Image-caption web data
-*-

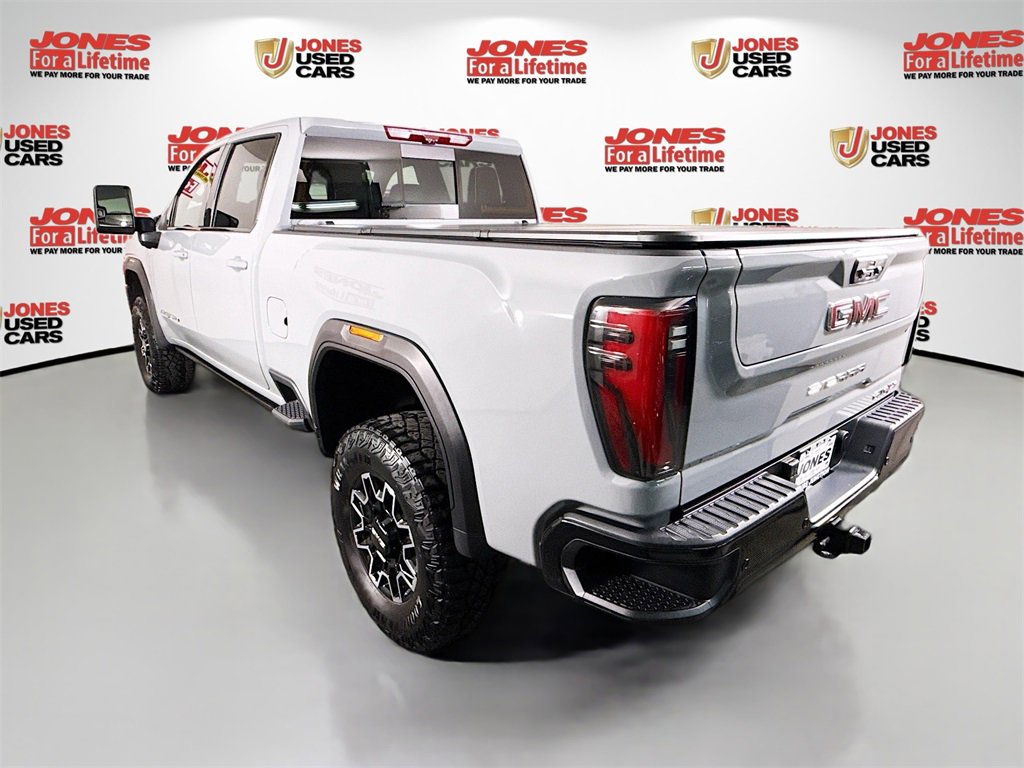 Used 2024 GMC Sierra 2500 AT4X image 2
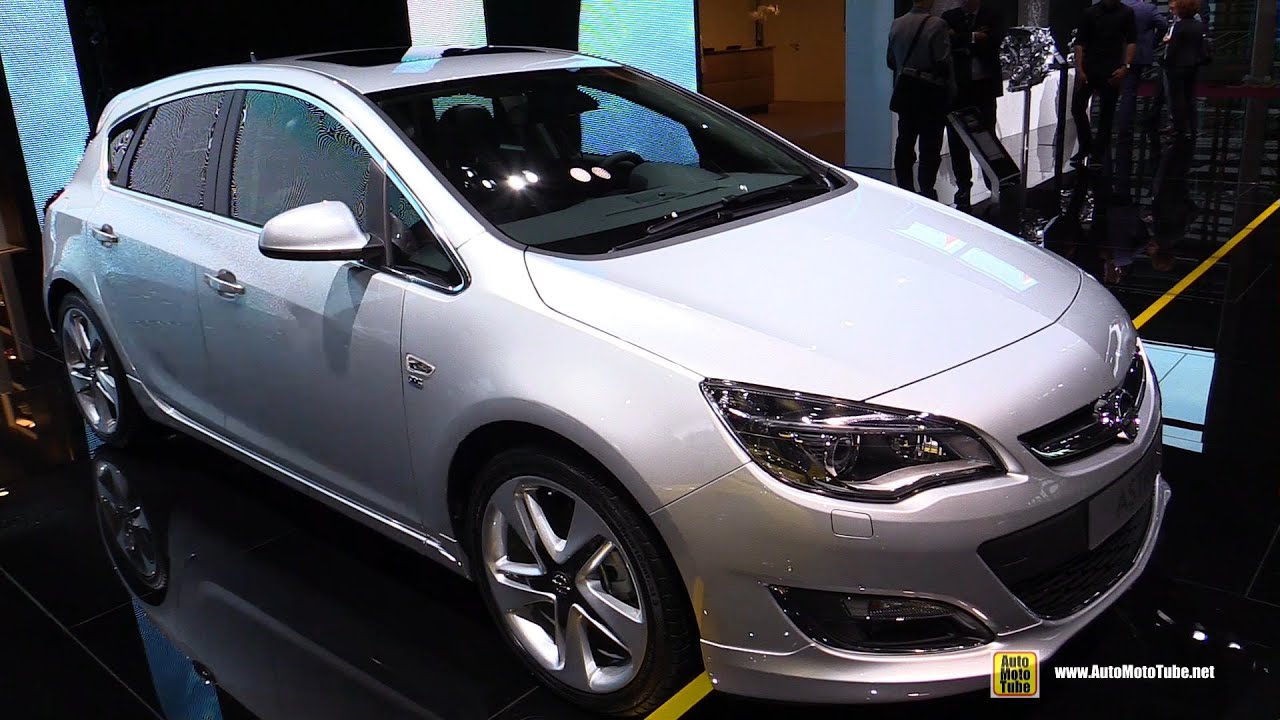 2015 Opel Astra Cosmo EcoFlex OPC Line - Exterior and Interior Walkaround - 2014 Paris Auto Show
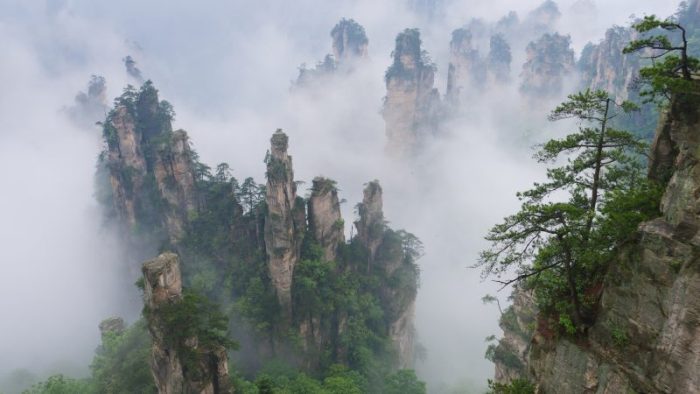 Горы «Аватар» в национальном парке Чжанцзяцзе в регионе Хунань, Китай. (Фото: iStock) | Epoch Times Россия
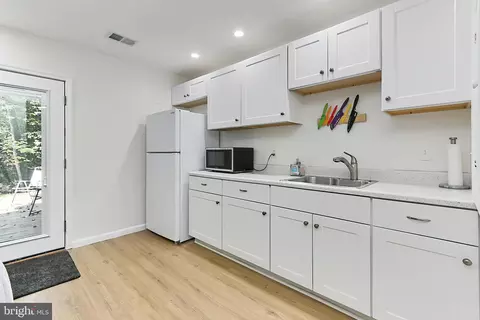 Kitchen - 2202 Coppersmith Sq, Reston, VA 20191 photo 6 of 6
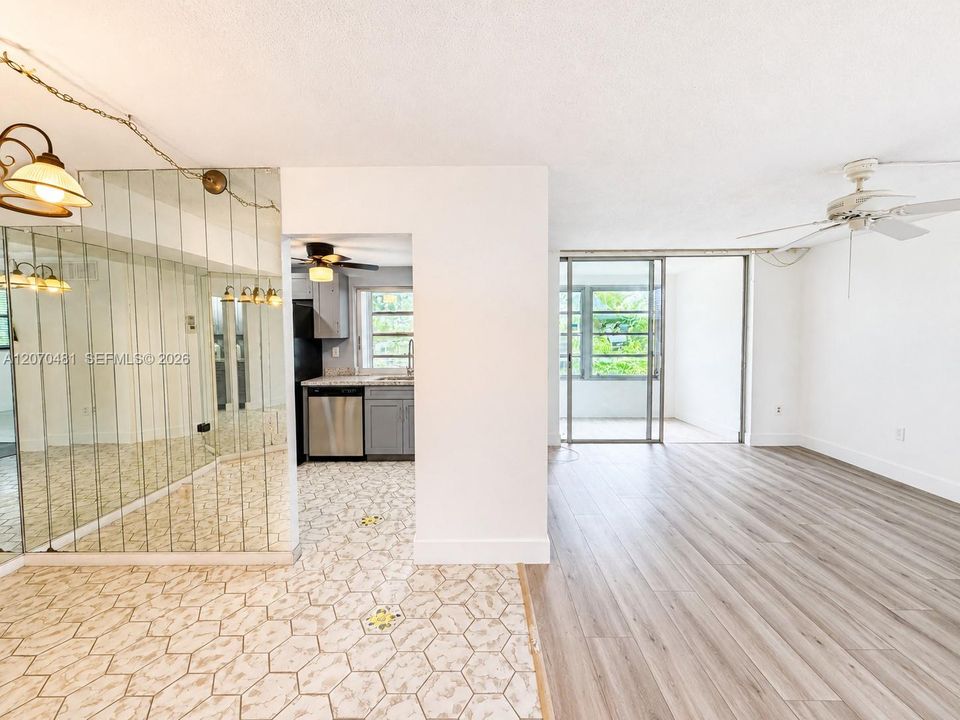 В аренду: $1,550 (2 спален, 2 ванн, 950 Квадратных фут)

-*-

The preceding entries should be duplicated word for word; no picture belongs in the copy.

EXERCISE RESPONSE →
 Used 2024 GMC Sierra 2500 AT4X image 2
 2015 Opel Astra Cosmo EcoFlex OPC Line - Exterior and Interior Walkaround - 2014 Paris Auto Show
 Горы «Аватар» в национальном парке Чжанцзяцзе в регионе Хунань, Китай. (Фото: iStock) | Epoch Times Россия
 Kitchen - 2202 Coppersmith Sq, Reston, VA 20191 photo 6 of 6
 В аренду: $1,550 (2 спален, 2 ванн, 950 Квадратных фут)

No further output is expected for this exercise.